Without going to Google, can anyone explain why we had a Civil War? What was the (were the) reasons for it.
Slavery. Period. When people say "No it was States' Rights!" and then you ask them exactly what right it is those states were fighting to protect, the answer is the "right" to own slaves.
And the North? what motivated the North to war?Or was the North merely defending itself from the Confederacy?
It seems like you already have a postition on the issue, so why don't you tell us the reason you think it was and lets get down to the cusp of the thread.
(My bold) North & South were deeply tied to each other. The North provided financing, shipping, markets for raw cotton & tobacco. The cotton could be spun & woven in the North, or transported to Europe as raw material. The North's shipping also brought in more slaves, rum, molasses, sugar from the Caribbean. The overall cause was that the South was sinking into an economic quagmire - they only produced raw materials, which are @ the low end of profit. The South's political power in Congress & the Federal gov. was also shrinking, proportionate to their sliding into economic decline. That was the South's main cause for succession/war. The North put up financing, shipping, made most of the profits & so had capital to invest in better infrastructure (demand for better transport, too - thus more railroads, canals, ports, etc. in the North). The trends for industrialization of the North v. marginalization for the South became self-perpetuating: immigrants went to the North for work & land, not to the South - where wages were miserable because of slavery & tenant-farming. The Plantation Society also deliberately held back infrastructure, learning, mechanic arts, manufacturing, banking & so on. On paper, the war was no contest - the North should have won walking away. The South made much of its military/hunting tradition; their military leadership was good, better than the North's initially. But the political wrangling in the South doomed them - they fought about a draft, where to commit state forces, who those forces would fight under, how to finance the war effort, supply, transport, whether to arm the slaves. Once Prexy Lincoln burned through the incompetent or unlucky generals, he found Grant & Sherman & a handful of excellent generals. With that & the North's population/logistics/supply/transportation/comms, the war was effectively over.
I do, but it's unsubstantiated. I'm really just seeking opinions for now, Once a consensus appears to be gelling, I'll either continue on or forget about it. Right now it would seem that the South started it. But why did the North get baited in?
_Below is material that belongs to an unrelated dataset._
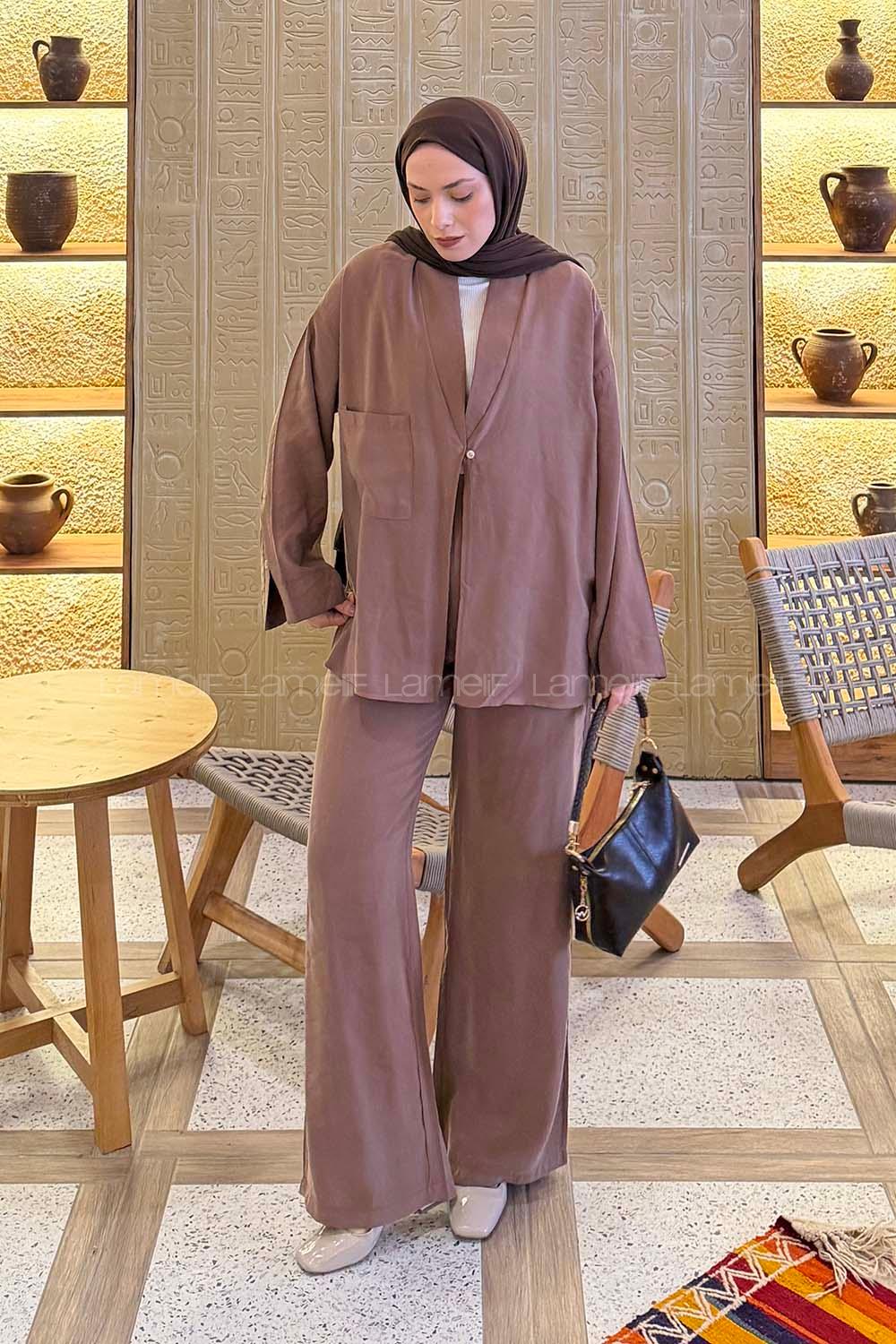 Soft Brown Shirt Collar Long Arm Without Accessories Combed Fabric Regular Trousers Material Suit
The South went to war to protect slavery, the North went to war to preserve the Union. The war was about slavery since slavery was the cornerstone for going to war.
Thank you hoosier88. That's what I was looking for. I knew that there had to be more to it that a disagreement about slavery.
Well nobody has really stated it yet. The issue was about whether Northern laws or Southern laws would exist in the new states being formed. If you would like the timeline of the specific actions that led to the war then here you go: March 3, 1820: Missouri Compromise 1836 - 1844: Gag Rule Compromise of 1850 1854: Kansas-Nebraska Act These actions saw the Congress becoming more aligned with the Northern views of anti-slavery and led the South to believe that the only way to preserve their way of life was through secession. They realized they were going to lose the slavery issue eventually so had to act when they did. Once the North established the new states as anti-slavery it would severely limit the political influence of the South.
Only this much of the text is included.